Richard E. Kim: The Martyred
First published by George Braziller, 1964
Published in Penguin Classics 2011, with introduction by Heinz Insu Fenzl and Preface by Susan Choi. 199 pp
Fourteen North Korean priests are rounded up by the communists just before North Korea invades the South in June 1950. Twelve of the priests are shot, and two mysteriously survive. The massacre is uncovered by the South Korean military when they capture Pyongyang in October the same year. Of the two survivors, one has gone insane from his experiences and the other, Pastor Shin, is staying enigmatically tight-lipped. It falls to military intelligence to find out what happened.

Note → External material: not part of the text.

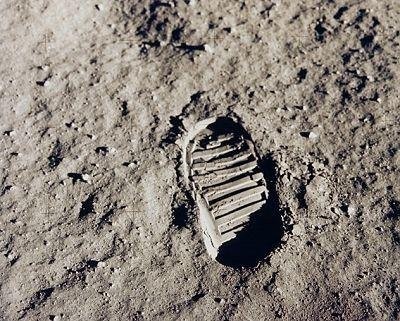 Dấu chân nhà du hành vũ trụ Neil Armstrong để lại trên mặt trăng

For the South, commemorating the deaths of the twelve murdered priests as martyrs would have great propaganda benefits, rallying the people against communism and giving strength to the Christians of North Korea. But what if the twelve priests were not in fact martyrs but renounced their faith in their last minutes? Should people be told that? Is the Truth something that should be told at all costs, or only if it isn’t harmful? Following the execution of the last communist witness to the atrocity, only Pastor Shin knows the truth of what actually happened, and he is at first prepared to keep silent, at great personal cost, in order to prevent the truth being known, or in order to prevent a falsehood from being corrected. Is silence the best approach? What is in the interests of the military, or of the souls of the Christian congregations of North Korea? Should the truth be told? Should a beneficial falsehood be allowed to persist? Should it be reinforced by an additional falsehood in the interests of everyone?

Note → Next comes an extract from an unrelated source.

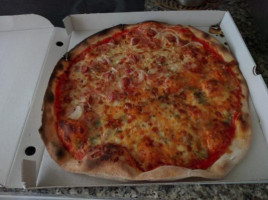 Pizzeria Diabola food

The novel asks some important questions, while also entertaining us with a strong narrative of Captain Lee’s investigation of what actually happened on the night in question. On the level of the detective novel, the story is well constructed and obeys a lot of the conventions of the genre – down to the detective’s boss, Colonel Chang, who always seems to know more than he is letting on. And despite the intensely moral dimension to the book, the writing is fast-paced. But the narrative focuses on dialogue rather than scene setting. And it was hardly surprising that the book was transferred to the stage in 19641. The opening chapter provides a very brief back-story to the two main actors, Captain Lee and Captain Park (whose father was one of the martyrs), but other than that at a rough estimate more than 80% of the text is in the form of dialogue.
The introduction, by Heinz Insu Fenzl (Memories of My Ghost Brother) contains a useful overview of Korean American literature, starting with Younghill Kang (East Goes West: The Making of an Oriental Yankee) and Richard E Kim2 as the first generation, and continuing via Nora Okja Keller and Gloria Hahn through to Susan Choi (The Foreign Student) who writes a foreword describing her reluctant first encounter with the work of the elder statesman Kim.
While the novel is set in the Korean War, the theme is universal. The combination of the deep moral questions raised, combined with the detective story in which we try to find out our own version of the truth of what happened, makes for an outstandingly good read.